2021 saw a continued push from advertisers to run ads that accurately reflect America’s diversity. This focus was reflected in both the content and casting of Super Bowl LV ads aired by major brands. However, the tactics of diverse casting and broad, unity phrases that worked in the past are less effective now. As time moves on from the Civil Rights era and identities become more nuanced beyond race and gender to include income, sexuality, values, and more, truly inclusive Super Bowl ads will need to address those nuances to resonate with audiences.
Most Americans (76%) agree that Super Bowl commercials should feature people from diverse backgrounds (e.g., ethnicity/race, sexual orientation, disability), and 82% of this year’s Super Bowl viewers agreed that most of this year’s commercials had casting that represented the diversity of the U.S. However, only 26% of viewers said they liked the ads because they represented the diversity of the U.S., compared to 59% of Americans who liked ads because they were funny or clever.
Digging deeper, many in minority groups were actually more critical of casting choices in Super Bowl ads. When asked to measure the proportion of diverse Super Bowl ads, only 11% of White Americans said less than half or none of the ads featured a diverse cast (e.g., people of various ethnicities/races, sexual orientations). African Americans, Hispanics, and those who identify as LGBTQ, disagreed more often (14%, 27%, and 32%, respectively). Young adults, often more cognizant of representation, were also highly critical. A third (33%) of Gen Z-ers disagreed that most ads featured a diverse cast, compared to only 11% of Millennials, 16% of Gen X-ers, and 18% of all Super Bowl viewers.
Representation does yield higher enjoyment among targeted demographics, but this does not always translate to brand equity improvements. Amazon Prime Video and Amazon (Alexa) ran ads starring Black celebrities such as Eddie Murphy and Michael B. Jordan. Across ethnicities, these spots rated the highest in enjoyment among African Americans (34% and 26%, respectively). However, Amazon Prime Video dipped in equity ratings (-0.8) among African Americans while Amazon saw a small lift (+1.7) after the Super Bowl aired. Despite being ethnically relatable, both brands struggled to boost overall equity in addition to brand momentum, social consciousness, and trust.
It appears ads that addressed both the presence of minorities and their unique experiences saw more success with inclusive marketing.
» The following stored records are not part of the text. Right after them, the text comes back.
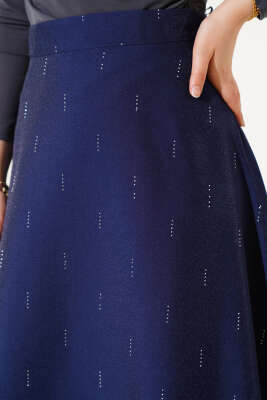 Sıra Taşlı Etek Lacivert - Uzun Etek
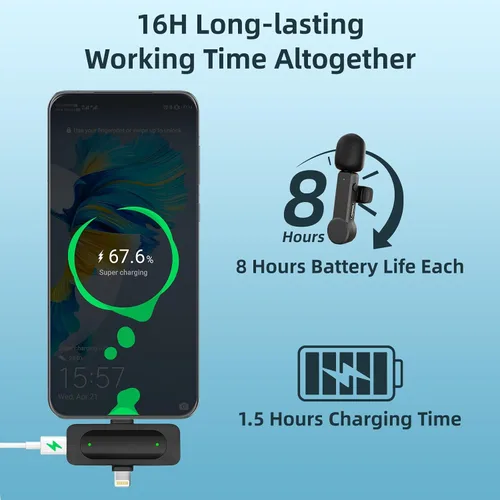 Vista 4 de Micrófono Lavalier inalámbrico para iPhone, Android y iPad, mini micrófono de teléfono con cancelación de ruido, USB C, micrófono de solapa Lav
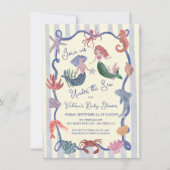 Zeemeermin onder het zee kust hand getekend kaart (Voorkant)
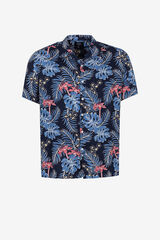 Springfield Camisa Relaxed Fit Estampado Tropical navy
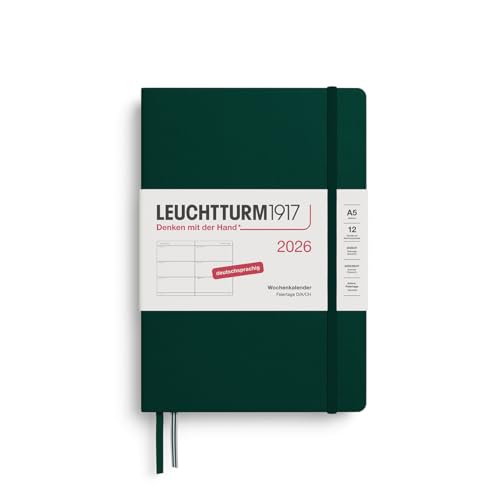 LEUCHTTURM1917 372530 Wochenkalender Medium (A5) 2026, 12 Monate, Forest Green, Deutsch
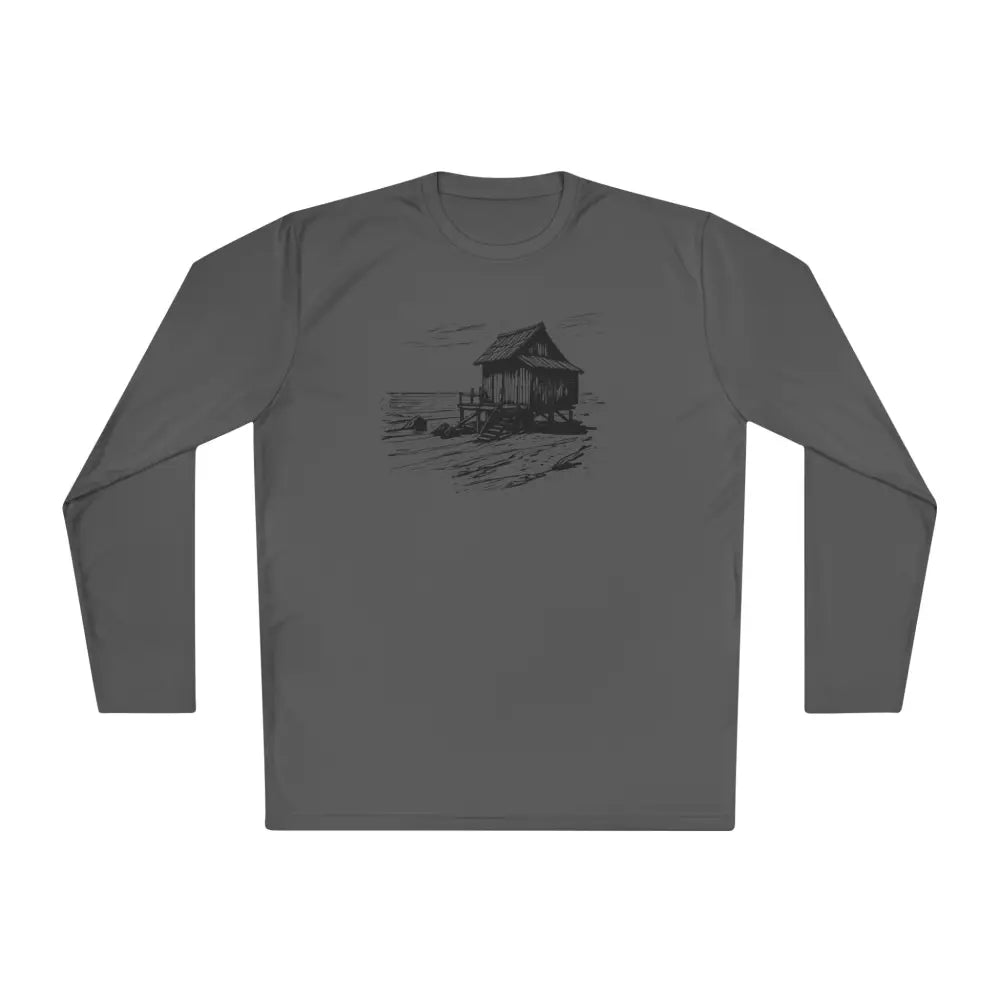Island Hut long-sleeve tee with house on stilts graphic, embrace island vibes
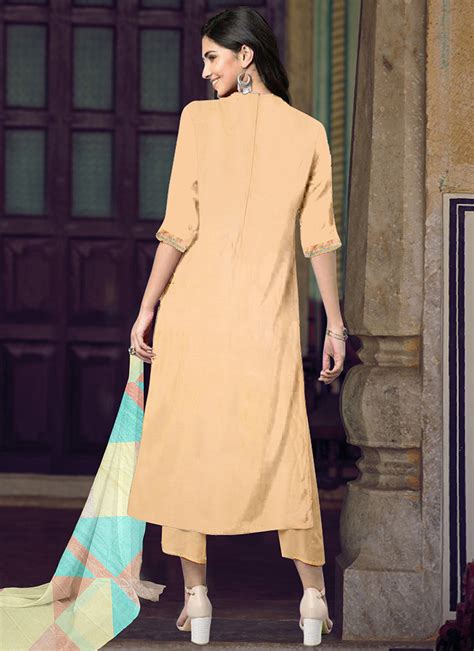 Buy Peach Muslin Embroidered Straight Pant Suit After Six Wear Online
Toyota’s 60-second “Upstream” spot, for example, follows Jessica Long, a US Paralympian swimmer and double amputee. This ad and others like it scored highly across several emotional metrics tracked by the Brand Bowl Index, including “Socially Conscious” and “Trustworthy.” Our data also shows that 24% of viewers who recalled the ad said it made them feel included or represented. More impressive, this ad, which directly addressed the topic of being disabled rather than merely showing a disabled person, caused 51% of those who recalled viewing the ad to say it made them respect the brand more – the highest for any brand in the Brand Bowl Index. Toyota’s overall brand equity score rose by 2.1 during the period tracked by the Brand Bowl Index.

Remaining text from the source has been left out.